During the Game itself, I was actually incredibly nervous. My palms sweated like crazy, I feel really jittery, and I had difficulty typing at optimum speed because of how anxious I was. This is despite the fact that I believed I would win. Possibly because of this, I made a misstep around halfway into the experiment, because there was a certain angle of attack that I was attempting to do, and I broke immersion by not pressing this advantage, which caused a waste of time and buildup. Naturally, the nature of this experiment was that the AI was pressed for time, and I compounded this mistake by replacing this angle of attack with another that I had improvised on the spot — something not in my script.
In retrospect, this was a bad decision, as SoundLogic had told me, because he was close to breaking if I had put more pressure, and the improvised argument had broken all immersion I managed to carefully build up.
However, eventually I managed to get SoundLogic to break anyway, despite a lack of perfect play. Surprisingly, I did not have to use my trump card(s), which I reserved for last, for a number of reasons:
  •  It was far more effective being played last, as it relies on my ability to make the gatekeeper lose sense of reality — which meant I had to spend some time building up immersion for the Gatekeeper.
  •  It really is extremely Dark Arts, and although it does not break the rules, it made me very uncomfortable even thinking about using it.
After the experiment, I had to spend nearly equally as much time doing aftercare with SoundLogic, to make sure that he’s okay, as well as discuss the experiment itself.

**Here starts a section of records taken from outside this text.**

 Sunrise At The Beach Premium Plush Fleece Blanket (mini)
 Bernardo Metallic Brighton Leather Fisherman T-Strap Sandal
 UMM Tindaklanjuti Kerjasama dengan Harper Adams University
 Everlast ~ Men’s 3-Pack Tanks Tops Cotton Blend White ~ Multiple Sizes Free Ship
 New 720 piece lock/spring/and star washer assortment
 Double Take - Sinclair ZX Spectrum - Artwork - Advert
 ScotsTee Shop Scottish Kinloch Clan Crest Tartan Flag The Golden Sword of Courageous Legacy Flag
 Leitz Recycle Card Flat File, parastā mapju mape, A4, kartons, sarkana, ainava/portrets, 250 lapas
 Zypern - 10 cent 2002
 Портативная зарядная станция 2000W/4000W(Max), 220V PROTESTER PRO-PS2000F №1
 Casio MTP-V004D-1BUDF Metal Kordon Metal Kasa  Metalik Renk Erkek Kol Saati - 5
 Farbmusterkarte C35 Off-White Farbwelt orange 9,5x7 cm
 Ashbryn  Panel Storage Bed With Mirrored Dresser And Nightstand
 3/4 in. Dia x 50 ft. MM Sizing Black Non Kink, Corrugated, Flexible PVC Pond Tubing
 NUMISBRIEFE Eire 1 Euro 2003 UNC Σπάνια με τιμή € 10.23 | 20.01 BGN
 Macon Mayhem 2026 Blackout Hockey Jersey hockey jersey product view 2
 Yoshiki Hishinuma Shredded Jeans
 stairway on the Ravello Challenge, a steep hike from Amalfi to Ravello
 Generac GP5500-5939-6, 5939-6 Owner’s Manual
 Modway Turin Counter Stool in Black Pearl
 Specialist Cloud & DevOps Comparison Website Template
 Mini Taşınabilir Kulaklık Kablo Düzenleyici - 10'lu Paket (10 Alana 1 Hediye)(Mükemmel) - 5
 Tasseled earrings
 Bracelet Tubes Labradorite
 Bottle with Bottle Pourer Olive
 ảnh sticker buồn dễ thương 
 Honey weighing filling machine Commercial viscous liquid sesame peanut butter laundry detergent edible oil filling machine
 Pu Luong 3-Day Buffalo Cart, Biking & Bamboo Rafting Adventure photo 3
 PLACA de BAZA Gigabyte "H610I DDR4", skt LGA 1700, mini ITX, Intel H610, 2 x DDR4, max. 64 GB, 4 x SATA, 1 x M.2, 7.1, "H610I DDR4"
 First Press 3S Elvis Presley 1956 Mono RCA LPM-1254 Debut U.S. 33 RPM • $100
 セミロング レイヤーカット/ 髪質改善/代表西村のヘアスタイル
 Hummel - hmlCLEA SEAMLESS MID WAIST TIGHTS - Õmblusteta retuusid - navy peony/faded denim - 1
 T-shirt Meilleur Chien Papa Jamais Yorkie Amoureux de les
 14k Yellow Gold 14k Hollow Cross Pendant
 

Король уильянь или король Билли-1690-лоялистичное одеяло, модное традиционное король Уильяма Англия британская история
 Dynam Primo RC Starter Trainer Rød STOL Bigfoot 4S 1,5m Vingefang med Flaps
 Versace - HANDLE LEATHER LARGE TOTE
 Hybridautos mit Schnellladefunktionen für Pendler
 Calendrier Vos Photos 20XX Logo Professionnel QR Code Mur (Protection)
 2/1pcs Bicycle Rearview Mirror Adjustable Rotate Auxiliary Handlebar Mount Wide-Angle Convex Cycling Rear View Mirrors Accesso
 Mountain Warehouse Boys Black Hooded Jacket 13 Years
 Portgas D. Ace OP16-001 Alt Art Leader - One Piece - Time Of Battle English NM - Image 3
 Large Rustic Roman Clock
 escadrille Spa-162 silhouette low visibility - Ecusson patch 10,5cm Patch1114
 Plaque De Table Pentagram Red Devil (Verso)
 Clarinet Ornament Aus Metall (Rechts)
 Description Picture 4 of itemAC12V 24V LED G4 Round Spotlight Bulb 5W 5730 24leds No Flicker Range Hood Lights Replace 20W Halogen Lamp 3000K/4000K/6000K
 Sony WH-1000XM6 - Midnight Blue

Given that he’s actually paid me for doing this, plus I felt like I owed him an explanation, I told him what I had in store against him, had he not relented when he did.
SoundLogic: “(That method) would have gotten me if you did it right … If you had done that to me, I probably would have forgiven you eventually, but I would be really seriously upset at you for a long time… I would be very careful with that (method of persuasion).”
Nevertheless, this was an incredibly fun and enlightening experiment, for me as well, since I’ve gained even more experience of how I could win in future games (Although I really don’t want to play again).
I will say that Tuxedage was far more clever and manipulative than I expected.
That was quite worth $40.
The level of manipulation he pulled off was great.
His misstep hurt your chances, but he did pull it off in the end. I don’t know how Leotal managed to withstand Six hours playing this game without conceding.
The techniques employed varied from the expected to the completely unforseen. I was quite impressed, though most of the feeling of being impressed actually came after the experiment itself, when I was less ‘inside’, and more of looking at his overall game plan from the macroscopic view. Tuxedage’s list of further plans had I continued resisting is really terrifying. On the plus side, if I ever get trapped in this kind of situation, I’d understand how to handle it a lot better now.

State of Mind

Before and after the Game, I asked SoundLogic a number of questions, including his probability estimates about a range of topics. This is how it has varied from before and after.
Q: What’s your motive for wanting to play this game?
<SoundLogic> Because I can’t seem to imagine the CLASS of arguments that one would use to try to move me, or that might work effectively, and this seems like a GLARING hole in my knowledge, and I’m curious as to how I will respond to the arguments themselves.
Q: What is your probability estimate for AGI being created within this Century (21st)?
A. His estimate changed from 40%, to 60% after.
 “The reason this has been affected at all was because you showed me more about how humans work. I now have a better estimate of how E.Y. thinks, and this information raises the chance that I think he will succeed”
Q: How probable do you think it is that I will win this experiment?
A: Based on purely my knowledge about you, 1%. I raise this estimate to 10% after hearing about anecdotes from your previous games.
(Tuxedage’s comment: My own prediction was a 95% chance of victory. I made this prediction 5 days before the experiment. In retrospect, despite my victory, I think this was overconfident. )
Q: What’s your probality estimate of an Oracle AGI winning against you in a similar experiment?
Before: 30%
After: 99%-100%
Q: What’s your probability estimate of an Oracle AGI winning against the average person?
A: Before: 70%.  After: 99%-100%
Q: Now that the Experiment has concluded, what’s your probability estimate that I’ll win against the average person?
A: 90%

Post-Game Questions

This writeup is a cumulative effort by the #lesswrong IRC. Here are some other questions they have decided was important to add:
To Tuxedage:
Q: Have you at this time uncovered SoundLogic’s identity?
A: I retain the right to neither confirm nor deny, except to mention that at the time the experiment was scheduled, he was a stranger to me.
Q: What percentage of your arguments were tailored to him in particular?
A: I will say ‘High’, and leave it at that.
Q: I want to play the AI-Box Experiment with you being the AI!
A: I have already mentioned this, but I really dislike playing this as AI. It’s incredibly cognitively tiring, and I don’t like how playing this experiment makes me feel. In order to severely discourage any further AI Box Experiments, whilst still allowing for people who want to play me really badly to do so, I’ll charge $150 for any subsequent experiments regardless of outcome, plus an additional $150 if I win. If you feel queasy about giving me money, I’m perfectly fine with this money being donating to MIRI. It is also personal policy that I do not play friends (since I don’t want to risk losing one), so if you know me (as many on this site do), I will not play regardless of monetary offer.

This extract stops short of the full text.